• WORK TO BE COMPLETED:
Each line below should be reproduced without any alteration.

• DATASET ENTRIES:

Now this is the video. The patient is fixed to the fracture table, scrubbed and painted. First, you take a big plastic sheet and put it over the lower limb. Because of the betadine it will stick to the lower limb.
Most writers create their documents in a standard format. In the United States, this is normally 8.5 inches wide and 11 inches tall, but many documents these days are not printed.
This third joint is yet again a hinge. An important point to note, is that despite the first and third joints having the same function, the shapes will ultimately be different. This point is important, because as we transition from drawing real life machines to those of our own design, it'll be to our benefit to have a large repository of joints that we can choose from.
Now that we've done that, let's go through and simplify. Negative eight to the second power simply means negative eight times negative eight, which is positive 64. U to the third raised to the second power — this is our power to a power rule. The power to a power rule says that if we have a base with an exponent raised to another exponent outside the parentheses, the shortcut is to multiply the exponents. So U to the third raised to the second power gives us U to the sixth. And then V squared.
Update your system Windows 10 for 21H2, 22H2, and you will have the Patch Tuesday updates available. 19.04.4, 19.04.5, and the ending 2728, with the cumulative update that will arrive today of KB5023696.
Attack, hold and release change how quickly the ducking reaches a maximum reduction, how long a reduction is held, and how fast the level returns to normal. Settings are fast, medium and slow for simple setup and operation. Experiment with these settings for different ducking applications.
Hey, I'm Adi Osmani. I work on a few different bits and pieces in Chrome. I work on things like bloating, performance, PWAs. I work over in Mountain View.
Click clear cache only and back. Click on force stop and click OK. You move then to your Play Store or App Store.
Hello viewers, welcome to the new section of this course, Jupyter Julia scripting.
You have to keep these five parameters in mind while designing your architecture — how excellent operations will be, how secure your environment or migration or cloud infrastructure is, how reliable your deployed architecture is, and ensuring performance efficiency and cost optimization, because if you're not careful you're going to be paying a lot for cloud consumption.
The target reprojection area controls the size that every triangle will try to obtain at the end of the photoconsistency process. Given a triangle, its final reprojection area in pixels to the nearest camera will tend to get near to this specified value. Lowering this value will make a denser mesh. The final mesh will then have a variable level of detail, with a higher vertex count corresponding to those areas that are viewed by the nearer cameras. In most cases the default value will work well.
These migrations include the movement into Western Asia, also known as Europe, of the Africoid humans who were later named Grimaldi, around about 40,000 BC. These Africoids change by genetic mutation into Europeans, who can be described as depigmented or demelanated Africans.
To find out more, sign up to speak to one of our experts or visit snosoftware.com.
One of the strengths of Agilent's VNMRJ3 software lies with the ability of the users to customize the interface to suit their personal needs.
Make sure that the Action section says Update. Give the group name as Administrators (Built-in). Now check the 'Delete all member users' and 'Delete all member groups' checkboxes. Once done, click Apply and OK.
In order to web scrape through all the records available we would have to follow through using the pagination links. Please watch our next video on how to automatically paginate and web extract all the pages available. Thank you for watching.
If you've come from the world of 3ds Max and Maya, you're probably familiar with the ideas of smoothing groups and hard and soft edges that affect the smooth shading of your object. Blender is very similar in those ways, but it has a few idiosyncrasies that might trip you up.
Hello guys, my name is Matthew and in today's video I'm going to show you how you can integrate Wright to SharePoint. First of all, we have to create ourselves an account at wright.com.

• FINAL ANSWER:
Now this is the video. The patient is fixed to the fracture table, scrubbed and painted. First, you take a big plastic sheet and put it over the lower limb. Because of the betadine it will stick to the lower limb.
Most writers create their documents in a standard format. In the United States, this is normally 8.5 inches wide and 11 inches tall, but many documents these days are not printed.
This third joint is yet again a hinge. An important point to note, is that despite the first and third joints having the same function, the shapes will ultimately be different. This point is important, because as we transition from drawing real life machines to those of our own design, it'll be to our benefit to have a large repository of joints that we can choose from.
Now that we've done that, let's go through and simplify. Negative eight to the second power simply means negative eight times negative eight, which is positive 64. U to the third raised to the second power — this is our power to a power rule. The power to a power rule says that if we have a base with an exponent raised to another exponent outside the parentheses, the shortcut is to multiply the exponents. So U to the third raised to the second power gives us U to the sixth. And then V squared.
Update your system Windows 10 for 21H2, 22H2, and you will have the Patch Tuesday updates available. 19.04.4, 19.04.5, and the ending 2728, with the cumulative update that will arrive today of KB5023696.
Attack, hold and release change how quickly the ducking reaches a maximum reduction, how long a reduction is held, and how fast the level returns to normal. Settings are fast, medium and slow for simple setup and operation. Experiment with these settings for different ducking applications.
Hey, I'm Adi Osmani. I work on a few different bits and pieces in Chrome. I work on things like bloating, performance, PWAs. I work over in Mountain View.
Click clear cache only and back. Click on force stop and click OK. You move then to your Play Store or App Store.
Hello viewers, welcome to the new section of this course, Jupyter Julia scripting.
You have to keep these five parameters in mind while designing your architecture — how excellent operations will be, how secure your environment or migration or cloud infrastructure is, how reliable your deployed architecture is, and ensuring performance efficiency and cost optimization, because if you're not careful you're going to be paying a lot for cloud consumption.
The target reprojection area controls the size that every triangle will try to obtain at the end of the photoconsistency process. Given a triangle, its final reprojection area in pixels to the nearest camera will tend to get near to this specified value. Lowering this value will make a denser mesh. The final mesh will then have a variable level of detail, with a higher vertex count corresponding to those areas that are viewed by the nearer cameras. In most cases the default value will work well.
These migrations include the movement into Western Asia, also known as Europe, of the Africoid humans who were later named Grimaldi, around about 40,000 BC. These Africoids change by genetic mutation into Europeans, who can be described as depigmented or demelanated Africans.
To find out more, sign up to speak to one of our experts or visit snosoftware.com.
One of the strengths of Agilent's VNMRJ3 software lies with the ability of the users to customize the interface to suit their personal needs.
Make sure that the Action section says Update. Give the group name as Administrators (Built-in). Now check the 'Delete all member users' and 'Delete all member groups' checkboxes. Once done, click Apply and OK.
In order to web scrape through all the records available we would have to follow through using the pagination links. Please watch our next video on how to automatically paginate and web extract all the pages available. Thank you for watching.
If you've come from the world of 3ds Max and Maya, you're probably familiar with the ideas of smoothing groups and hard and soft edges that affect the smooth shading of your object. Blender is very similar in those ways, but it has a few idiosyncrasies that might trip you up.
Hello guys, my name is Matthew and in today's video I'm going to show you how you can integrate Wright to SharePoint. First of all, we have to create ourselves an account at wright.com.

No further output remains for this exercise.